# Nvidia Jestson Nano

Nvidia Jetson Nano (JN) is an embedded GPU platform that supports CUDA technology.

Board contains (among others) ports:
- HDMI(display)
- USB-C (power supply)
- 3x USB 3.0 - keyboard, mouse and more like USB camera.
- RJ-45 (ethernet) port
- micro USB port,
- GPIO ports...

JN is a computer with CPU and GPU.

Works under Linux OS control.

Support remote mode and independent - like normal PC with keyboard, mouse and display.

This exercise is based on remote mode with command line interface and web / browser through jupyter notebook server on JS board. 


Documentation, tutorials, etc.:
- https://developer.nvidia.com/embedded/learn/get-started-jetson-nano-2gb-devkit

## Part 0 - run on each device

In [None]:
# directory for MNIST dataset
!mkdir data

In [None]:
import torch
from torchvision import datasets
from torch.utils.data import DataLoader
from torch import nn
import numpy as np
import matplotlib.pyplot as plt
from torchvision.transforms import ToTensor
from typing import Tuple, Union


1. To be able to compare acceleration capabilities, we need to measure execution time.
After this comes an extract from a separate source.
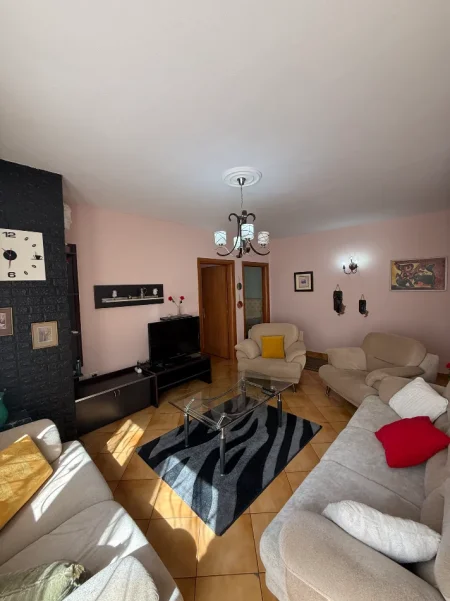 Tirane, jepet me qera apartament 2+1+Ballkon , 95 m² 60,000 ALL (Prane Fondacionit Eleonora, Kodra e Diellit 1)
Your task is to define [context manager](https://www.geeksforgeeks.org/context-manager-in-python/) class :
- class name: `TimeMeasurement`
- manager should be initialized with number of 'predicted' processed frames as `int` 

(number of processed images in context) and context name as `str` 
- when entering the context, manager should save current time
- when exiting the context, manager should save current time
- manager should calculate duration of context execution in seconds (floats) getter [property](https://www.geeksforgeeks.org/python-property-decorator-property/) `time`
- manager should calculate fps by getter property `fps` during context execution
- overload method `__str__` to display context in format `Execution time: {hours}:{minutes}:{seconds}:{milliseconds}, processed {frames_num} frames, throughput: {fps} fps.`
- overload method `__repr__` to display context in format `TimeMeasurement(context="{context_name}","{hours}:{minutes}:{seconds}:{milliseconds}", frames={frames_num}, throughput={fps})`

Node: Prevent situation when properties `time` and `fps` are called, 

when context is still not closed or not opened (when there is no time data of beginning and ending of context).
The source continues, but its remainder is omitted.